Yeah, beautiful. Do you find hope in the election of Labour in the UK and the left-wing coalition in France?
Anohni: I think when we’re looking for hope, we’re looking for relief from the way we’re seeing things. One should have empathy for oneself, because if you’re alive and breathing, whether you make a sound or not, is really the greatest expression of whether you have hope or not. No bird cries out, no animal cries out, if it doesn’t believe it has hope. When an animal believes it has no hope it stops crying, you know? So I mean, if you’re crying, you’re participating.
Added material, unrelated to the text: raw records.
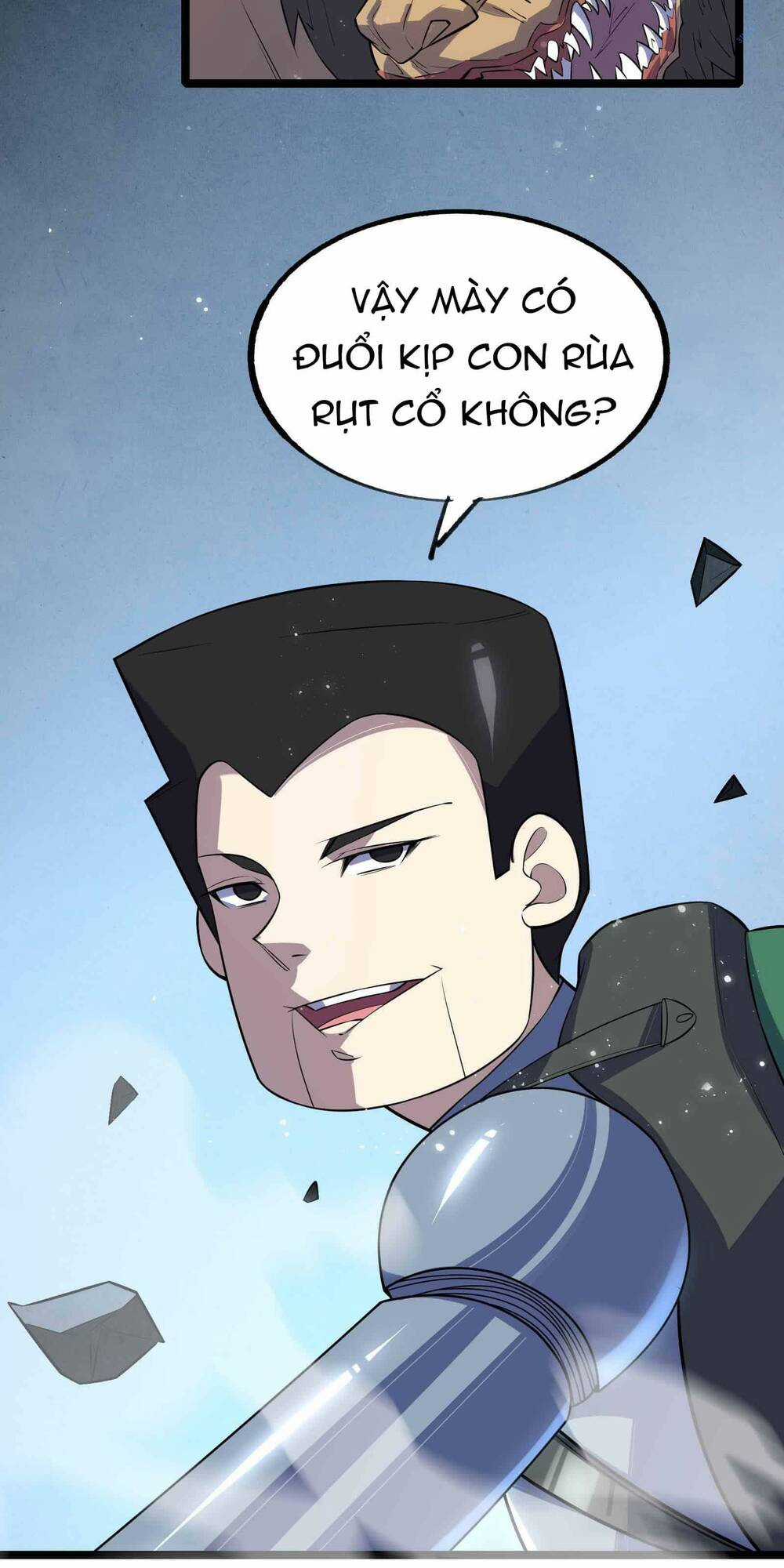 Ta Quét Phó Bản Ở Khắp Thế Giới Chapter 11 trang 38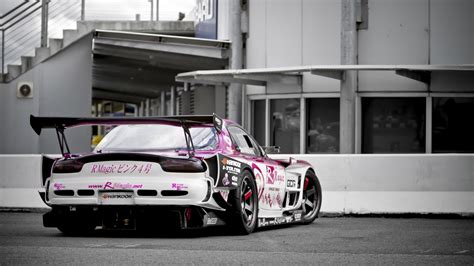 Download Vehicle Drift HD Wallpaper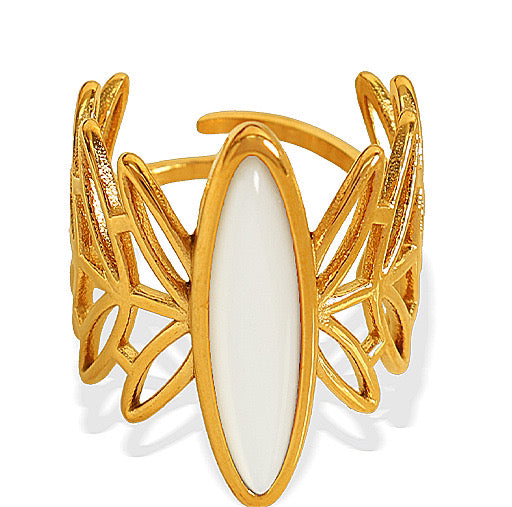 Kayo Natural stone rings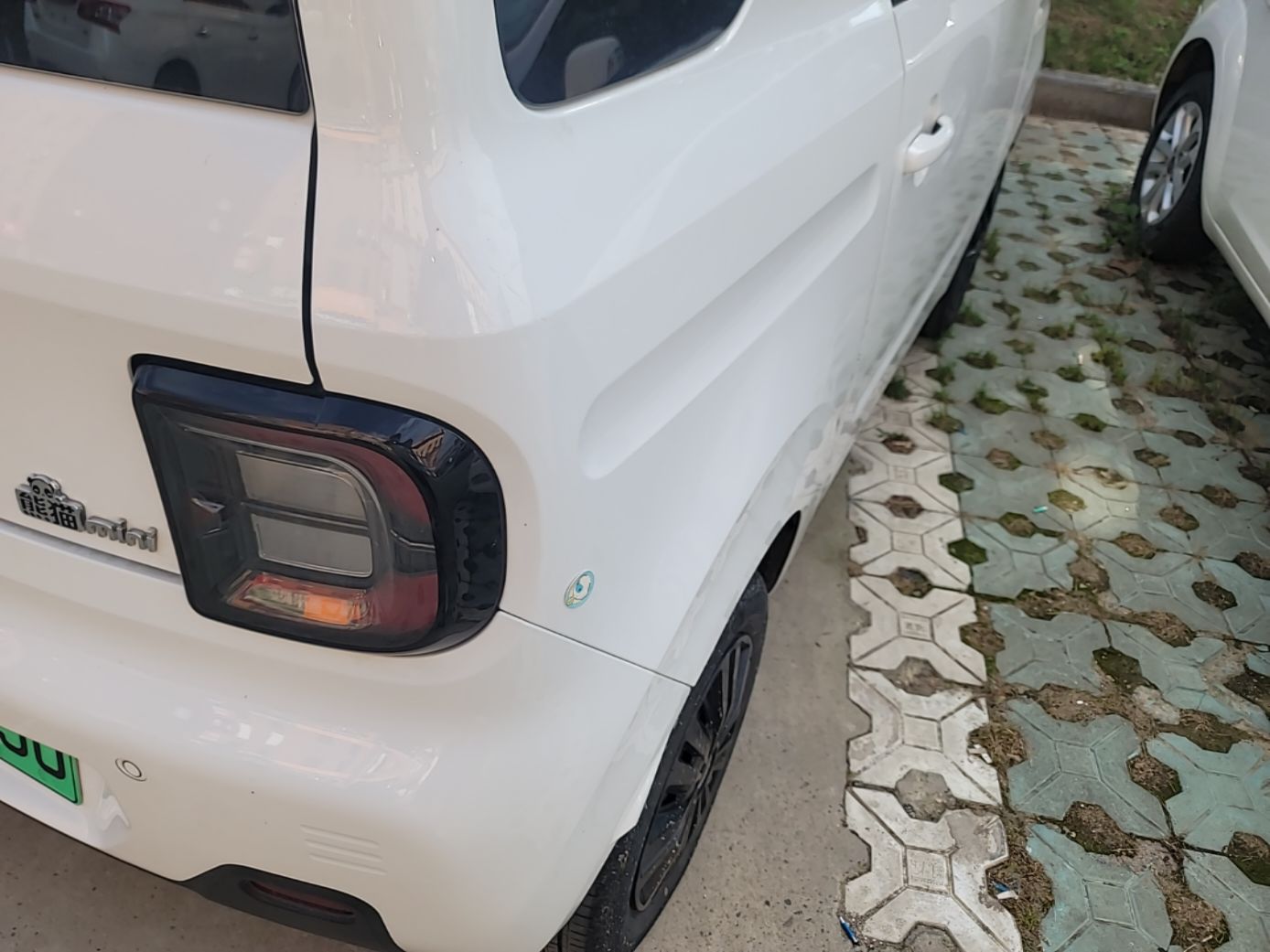 Geely Galaxy Panda 2023 Panda Mini 200km Endurance Bear — снимка 9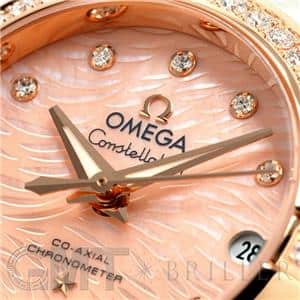 OMEGA オメガ コンステレーション コーアクシャル クロノメーター 27M﻿M 123.25.27.20.57.004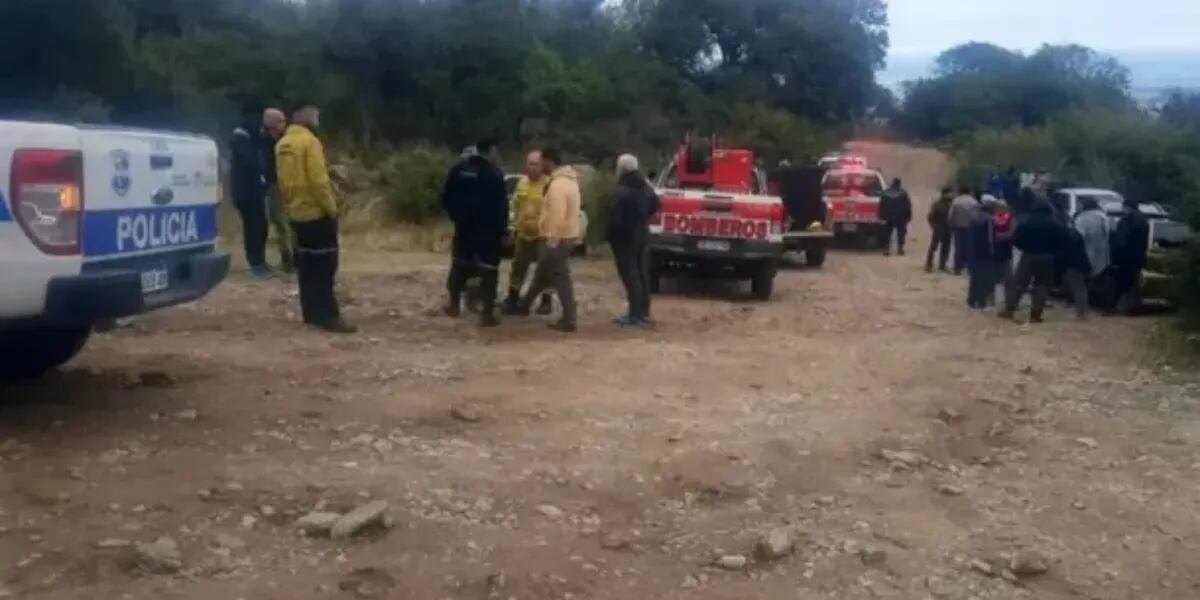 Encontraron muerto a Diego Oviedo, el hombre de 42 años que buscaban desesperadamente en San Luis
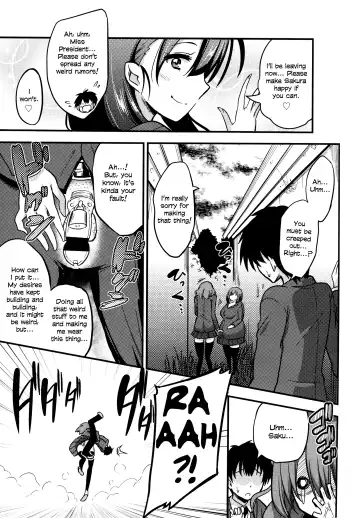 [Akai Mato] Boku wa Kanri Kanri Kanri Sarete Iru Fhentai - Page 44
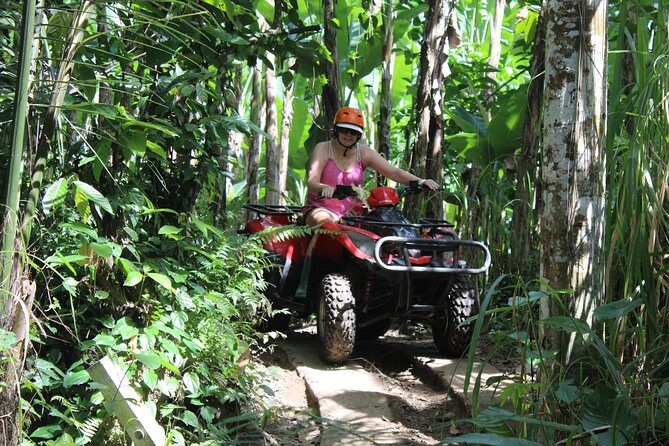 ATV Ubud and Ayung River Rafting - A Deep Dive into the Bali Adventure Tour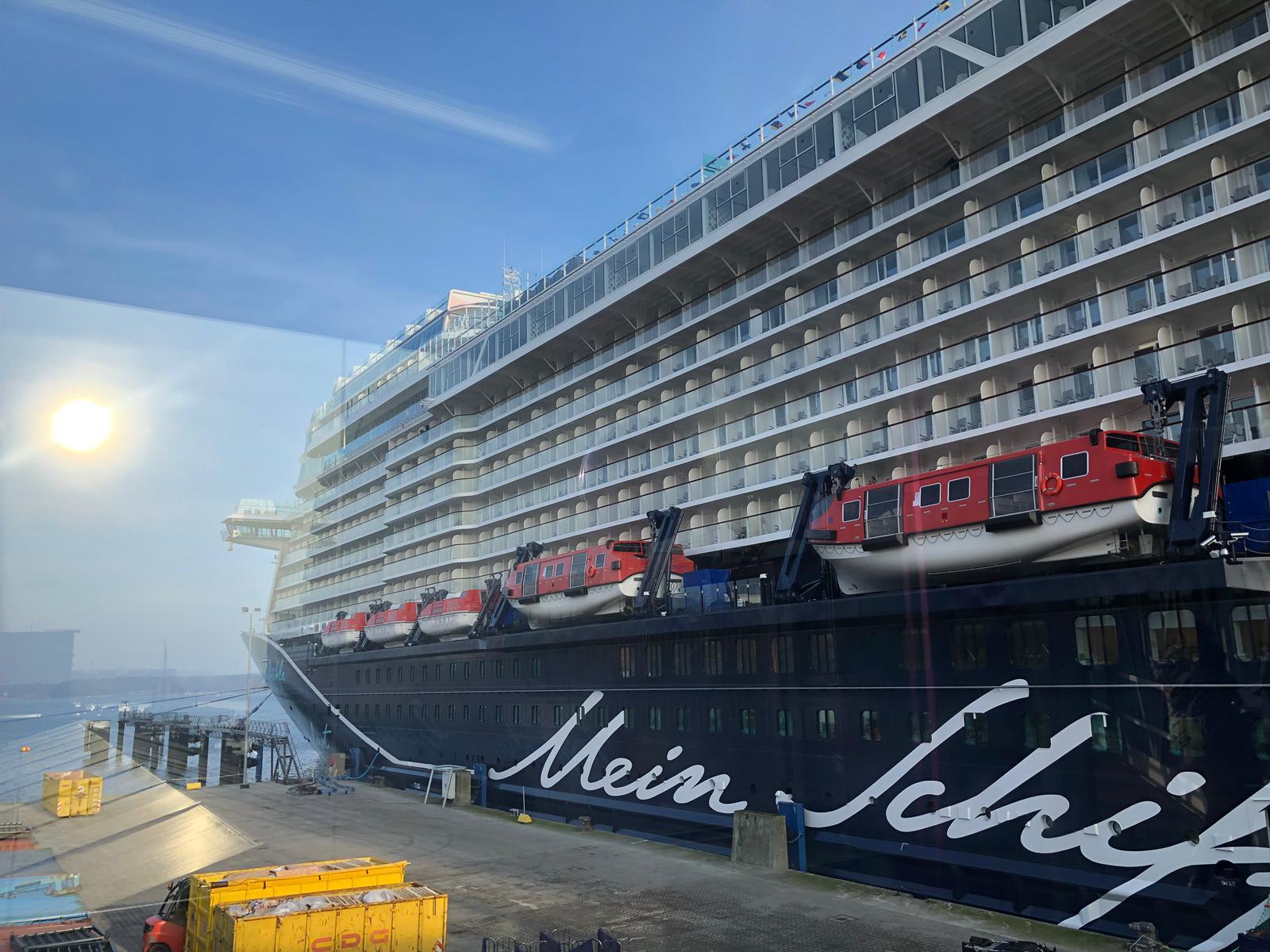 Die neue Mein Schiff 2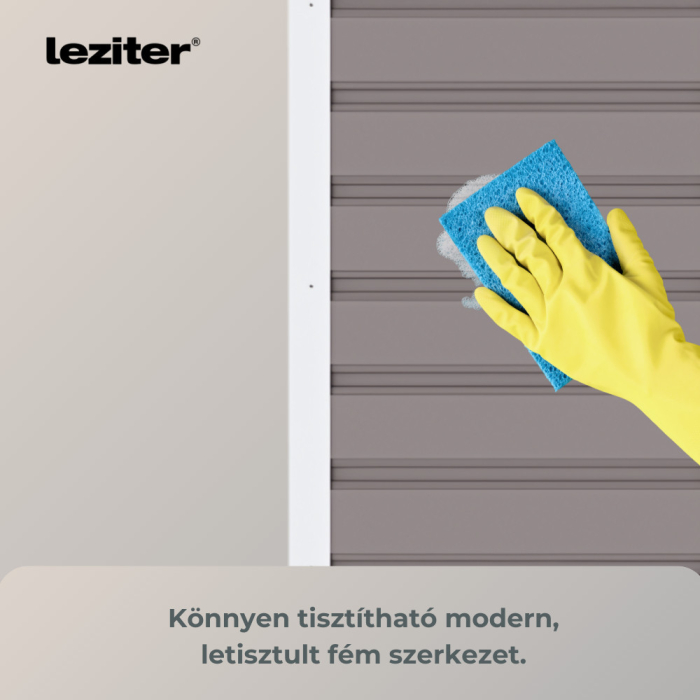 Leziter Depozit pentru unelte de grădină Utah 341x322 cm [5]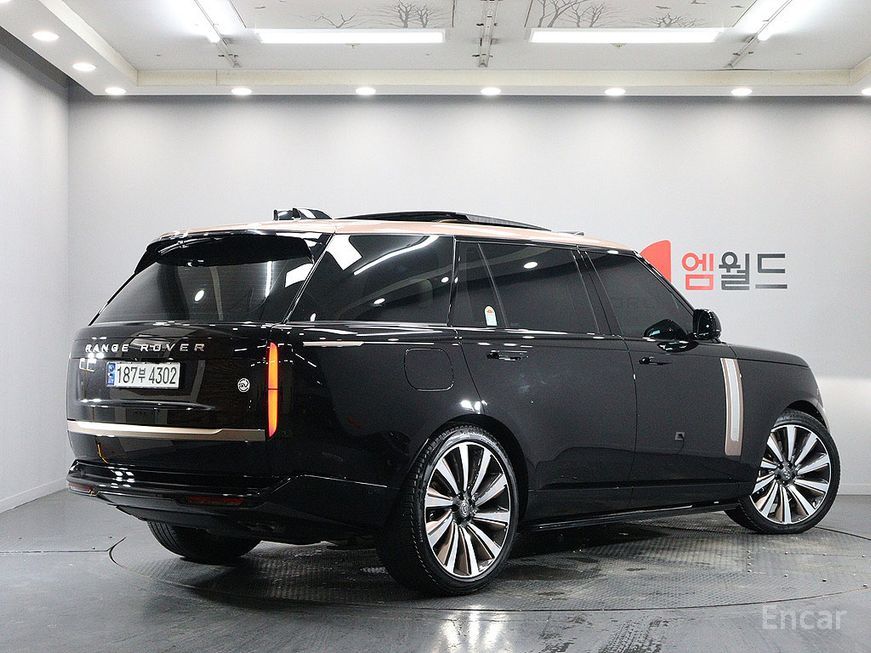 Land Rover Range - фото 2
You’re part of this.
The truth is, as a species, we’ve never faced this, and it’s terrifying and it’s overwhelming and it’s startling. It’s disorienting, and alongside tech bullshit and internet bullshit. It’s fucking overwhelming. Everyone who feels weirded out and overwhelmed and upset is pretty much right on time.
Yeah, for sure. Do you think we have a way out of this?
Anohni: That’s maybe the lesson I could offer you with the Marsha P Johnson story. Could I ever imagine that Marsha’s name would become like the Rosa Parks of the gay civil rights movement? No, I could never have imagined that. You don’t need to see the end of the story to participate in the middle of the story or the beginning of the story. You don’t need to know that the story is going to be fixed. No one can offer us that.